> [Goal of the exercise]
All that is needed is the run of lines from the top of the entries to the line with "Newly Built Luxury", that line included, repeated exactly and free of pictures.

Stored dataset items:
────

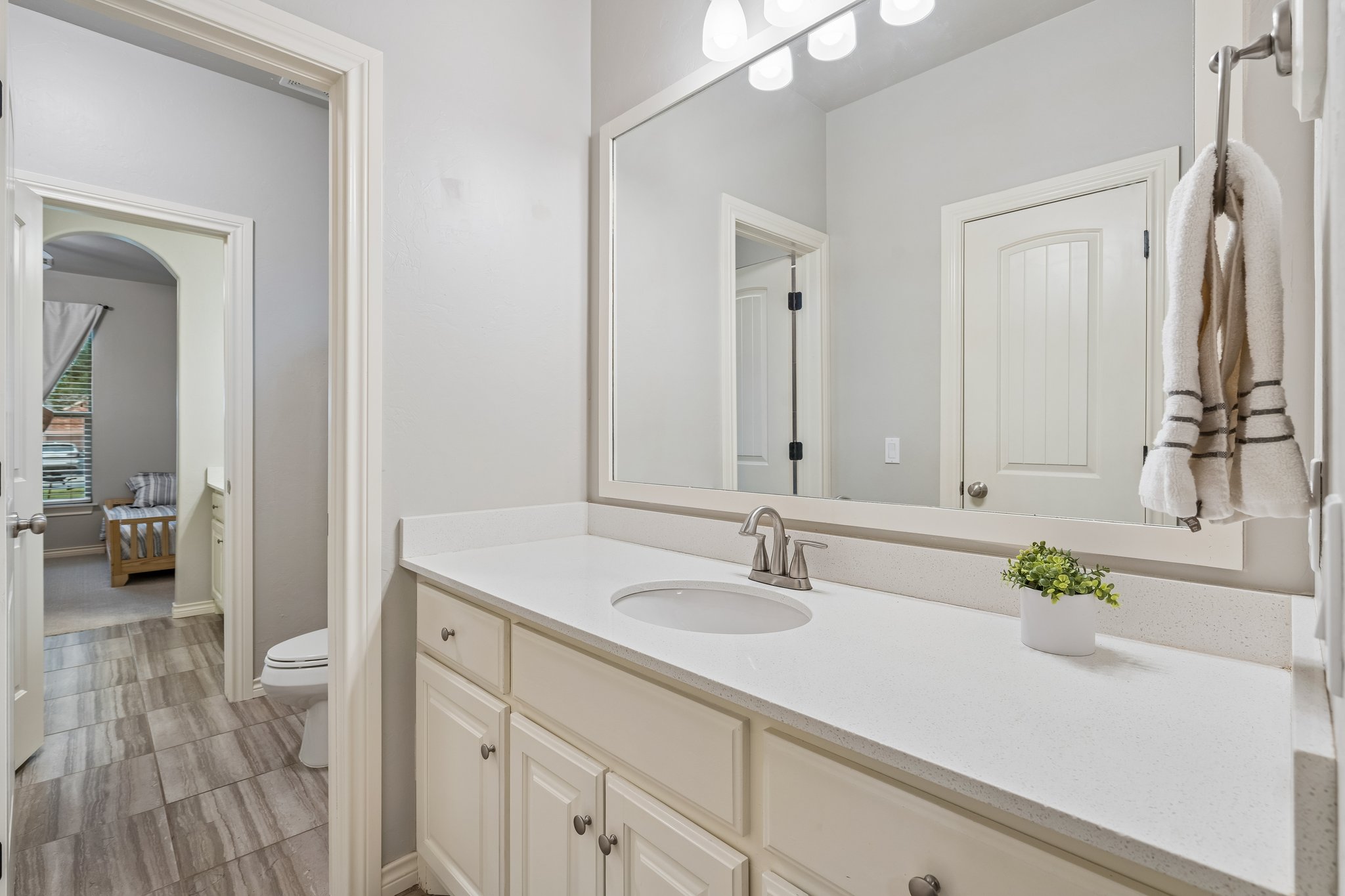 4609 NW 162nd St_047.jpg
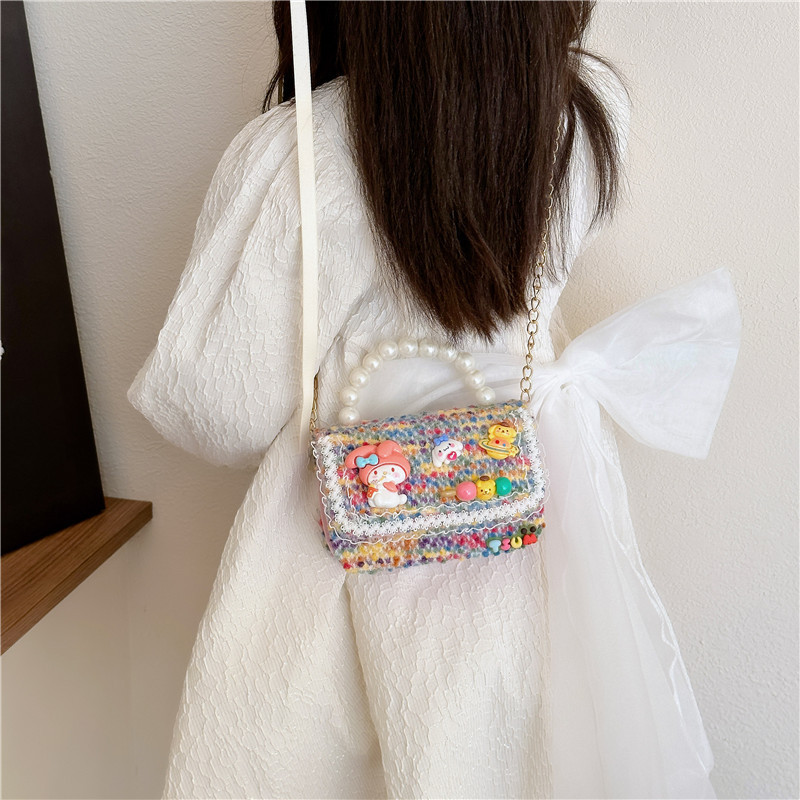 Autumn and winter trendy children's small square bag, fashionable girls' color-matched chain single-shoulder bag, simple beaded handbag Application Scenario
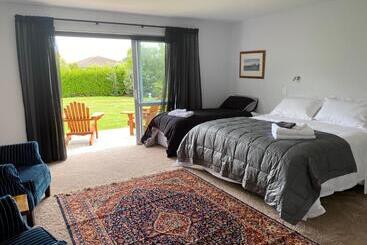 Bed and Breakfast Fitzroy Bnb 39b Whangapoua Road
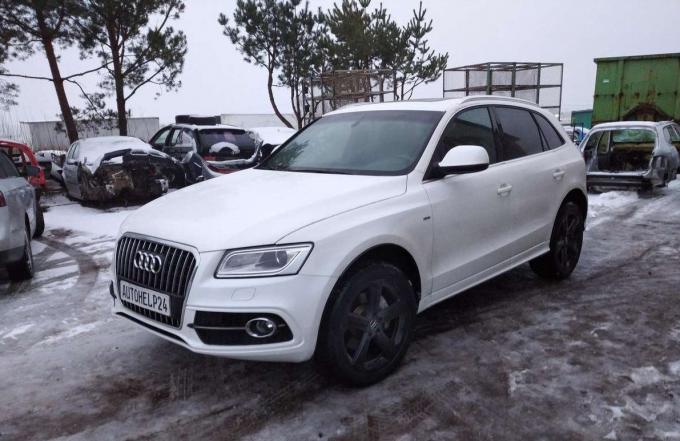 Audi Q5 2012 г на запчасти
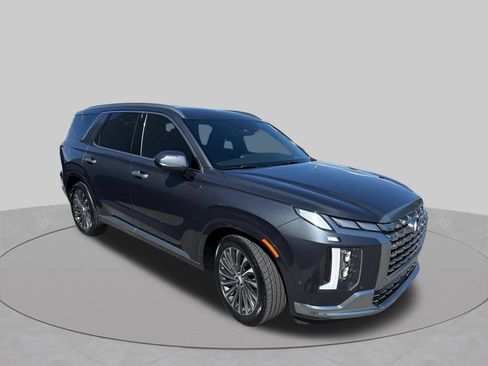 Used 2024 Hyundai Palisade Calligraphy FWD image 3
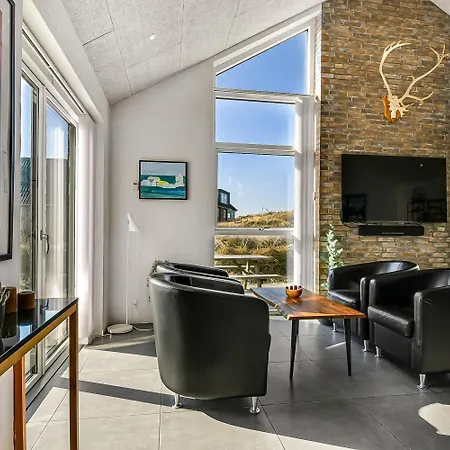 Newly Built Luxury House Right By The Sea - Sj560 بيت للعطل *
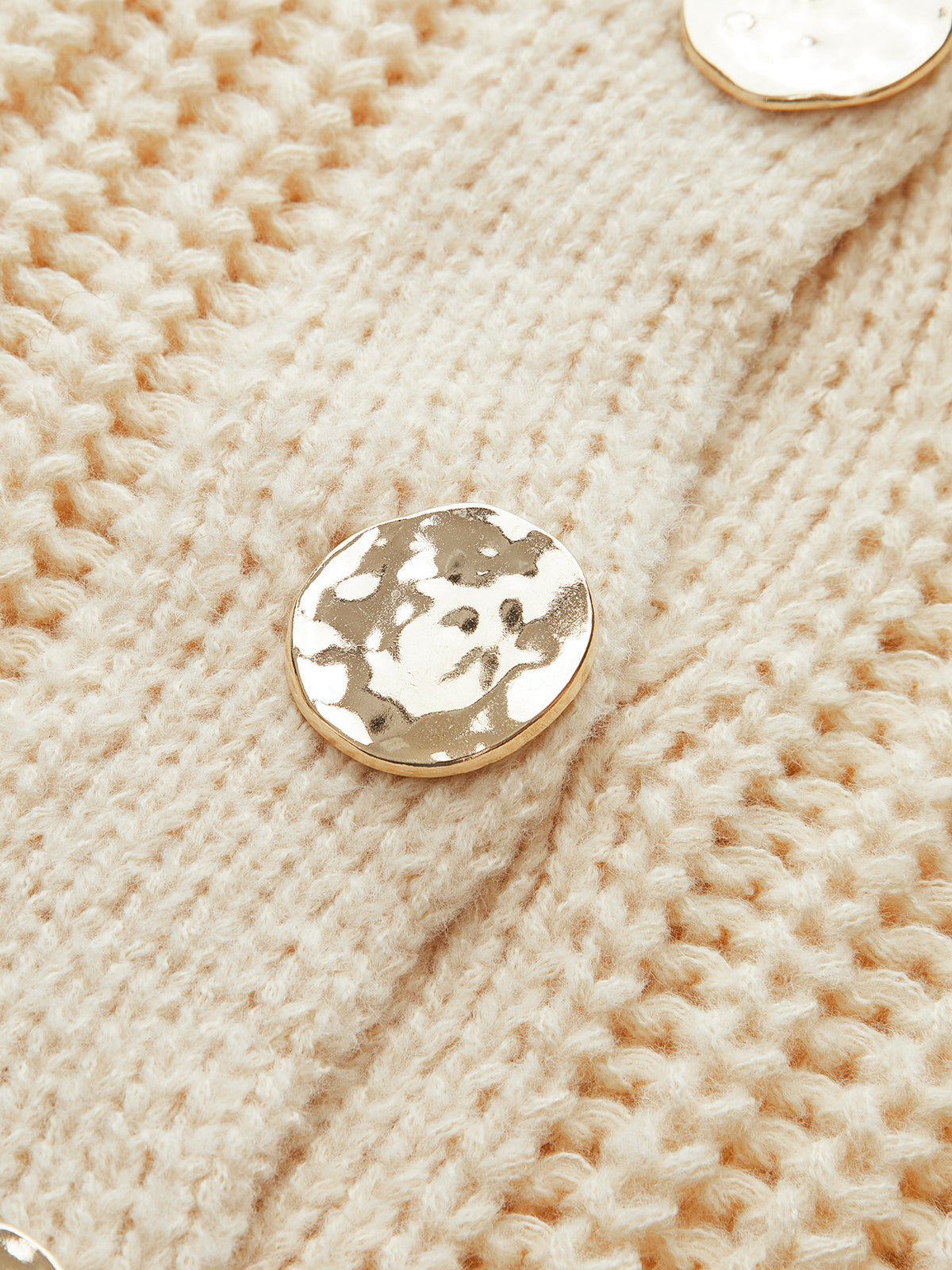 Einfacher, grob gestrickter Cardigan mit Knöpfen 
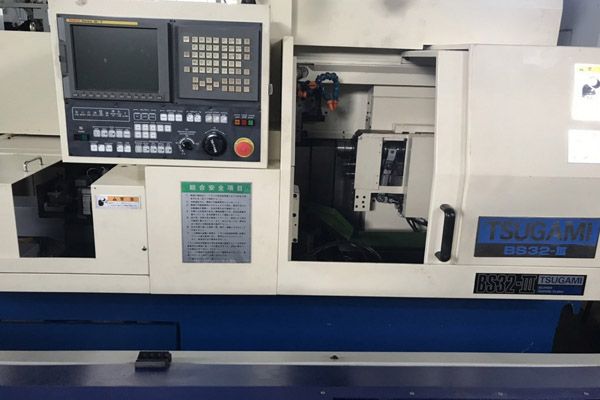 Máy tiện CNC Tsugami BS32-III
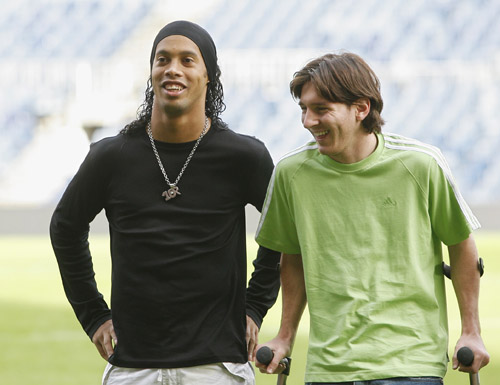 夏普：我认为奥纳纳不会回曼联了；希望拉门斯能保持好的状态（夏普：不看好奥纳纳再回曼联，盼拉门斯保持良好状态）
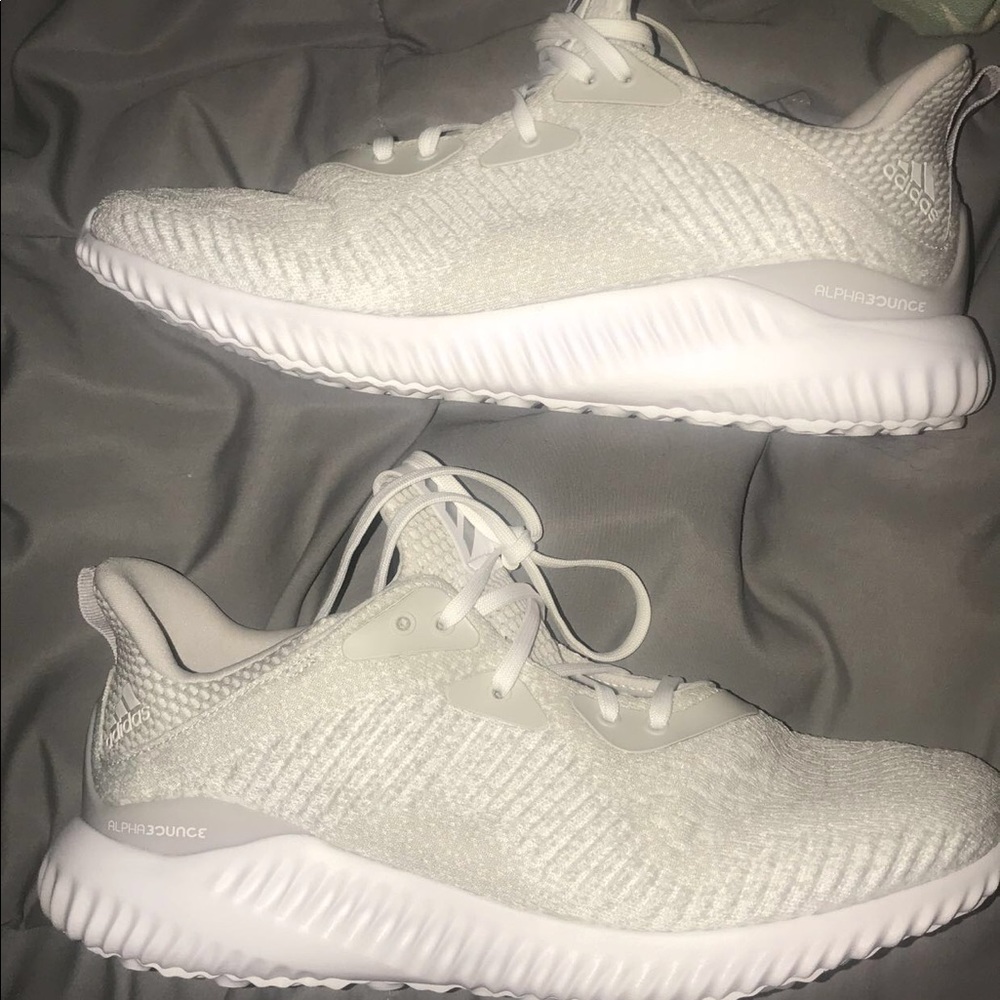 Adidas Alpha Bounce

────

> [Output for this task]
 4609 NW 162nd St_047.jpg
 Autumn and winter trendy children's small square bag, fashionable girls' color-matched chain single-shoulder bag, simple beaded handbag Application Scenario
 Bed and Breakfast Fitzroy Bnb 39b Whangapoua Road
 Audi Q5 2012 г на запчасти
 Used 2024 Hyundai Palisade Calligraphy FWD image 3
 Newly Built Luxury House Right By The Sea - Sj560 بيت للعطل *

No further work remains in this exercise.